That was my mom. She was the smartest, strongest woman I’ve ever known. Even though my daughters, Sam and Lola, are in first grade and kindergarten right now, in many situations, I’ll wonder if I’m being the same kind of sane, strong, tough, stable, and loving role model that my mom was for me. So much of who we become as adults is based on the parenting we received as children. My mom set a high bar, and I don’t think it’s that she always knew what she was doing. In fact, as she later confided, much of her parenting was based on trial and error, asking other moms how they did things, and simply being unafraid to be a parent rather than a friend.
From a family of five kids, she had a brother and three sisters, and I was the beneficiary of all the people skills she acquired from growing up in a large family. My mom was best friends with my dad’s sister, and at fourteen, she met my dad, who was then eighteen and drafted. After serving two and a half years in the Vietnam War, he returned home and they fell in love. I don’t think they spent a day apart ever again until my mom passed away. At sixteen she got pregnant with me, and on August 1, 1970, shortly after her seventeenth birthday, they exchanged vows in the local courthouse. On that same day, in the same courthouse, her parents’ divorce was finalized.
I was born on February 17, 1971, and eighteen months later, my sister, Michelle, arrived. At times we were best friends, and other times we pounded the crap out of each other. We were one grade apart and had a lot of the same friends. We lived in Mokena, Illinois, in a tiny nine-hundred-square-foot, two-bedroom house. After my dad fixed it up, it was twelve hundred square feet. Soon after he finished, we moved to Downers Grove so he could be closer to his job with the phone company and spend more time at home with the family and my sister and I could go to better schools. My parents always put a premium on family time. My dad was home every night for dinner at six, and our weekends always involved family-oriented activities. My parents reserved one evening a week for themselves. Date night.
Unable to afford a home in Downers Grove right away, we lived in a two-bedroom condo while my parents saved up for a house. After two years, they found a hundred-year-old fixer-upper, though that sounds even better than it was. The place needed major TLC. I was embarrassed when we first moved in. It was the ugliest house in the neighborhood, and I didn’t want to live in an old place that needed so much work. Over time, it became a beautiful home. My parents did all the work themselves. They couldn’t afford to pay a contractor. Nor did they want to. Every day after work my dad strapped on his tool belt and sawed and hammered away. My mom helped and did the decorating. They were a team in this effort to not merely reclaim the house, but to transform it into a shared vision.

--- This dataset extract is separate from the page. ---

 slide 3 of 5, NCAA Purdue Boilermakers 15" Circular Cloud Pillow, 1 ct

Though thirty-some years have passed since that experience, it still stands out to me as a powerful primer on marriage, in real terms and metaphorically. My parents built something together: a house, a family, and a life. Tired, pinching pennies, breathing sawdust, they walked the talk, as the saying goes.
Whether or not they realized it, my parents were people who taught us daily to find worth and joy in people and life on the inside. As one who is not adverse to some retail therapy when I need a pick-me-up after a tough day, I appreciate the lessons they drummed into me from an early age: Money can’t buy happiness. Makeup and expensive clothes don’t make anyone more attractive. Judge people for the way they behave, not for what they say. All are truisms that ended up preparing me for a life in Hollywood by drumming into me one basic rule: “be real; know yourself, and be true to that.”

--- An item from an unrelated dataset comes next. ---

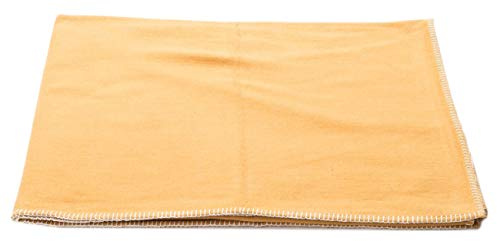 David Fussenegger Baumwolldecke Uni Gold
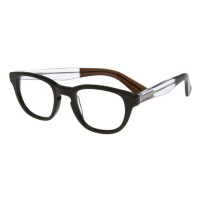 902 - brown and crystal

I’m sure I frustrated my mom because from an early age I was a girly girl who loved looking through the fashion magazines and ached to wear makeup, which I was prohibited from doing until I was sixteen. Earlier than that, my mom thought girls wearing mascara, blush, and lipstick were just too young. “What’s the rush?” she used to say. She wanted us to grow up first, develop, and get to know ourselves, inside and out, before we tried to change or enhance our appearance. As a mom, I couldn’t agree more. I say bravo. I can already sense the pressures on my girls—and they’re still babies, relatively speaking.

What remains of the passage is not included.